Plot'n Polish: Zero-shot Story Visualization and Disentangled Editing with Text-to-Image Diffusion Models

1Virginia Tech
2Adobe Research

We introduce Plot'n Polish, a training-free approach for creating and refining story visualizations. Our framework enables users to adjust story elements through fine or coarse-grained edits. Users can alter elements like hairstyles or clothing, transform objects or styles, and customize characters iteratively all directed through text prompts.

Abstract

Text-to-image diffusion models have demonstrated significant capabilities in generating detailed and diverse visuals across various domains, with story visualization emerging as a particularly promising application. However, as their use in real-world creative domains increases, the need for providing enhanced control, refinement, and the ability to modify images post-generation in a consistent manner become an important challenge. Existing methods often lack the flexibility to apply fine or coarse edits while maintaining visual and narrative consistency across multiple frames, preventing the creators from seamlessly crafting and refining their visual stories. To address these challenges, we introduce Plot'n Polish, a zero-shot framework that enables consistent story generation and provides fine-grained control over story visualizations at various levels of detail.

Method


An overview of Plot'n Polish. Users can provide story plots for each frame and image prompts, or these can be generated by the LLM based on the story idea.
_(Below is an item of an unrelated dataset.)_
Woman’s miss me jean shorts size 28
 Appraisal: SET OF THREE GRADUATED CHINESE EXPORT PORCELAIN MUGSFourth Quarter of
The image prompts are used to create template images for visualizing the story. The editing framework takes editing prompts in the form of text or images, along with initial images to edit and extracted depth conditions.

Qualitative Results


Qualitative results for Plot'n Polish. Our results demonstrate that Plot'n Polish excels in producing consistent visual narratives and allows for a wide range of successful edits including localized edits, character or object replacements, and personalization.

Qualitative Comparison


Qualitative comparison of our method with state-of-the-art story visualization methods, including StoryDiffusion, ConsiStory, AutoStudio, and Intelligent Grim. Our method outperforms competitors by maintaining consistent visual elements, such as attire and character features, across all panels, ensuring narrative coherence. In contrast, existing methods struggle with inconsistencies, blending errors, often breaking narrative flow and reducing clarity.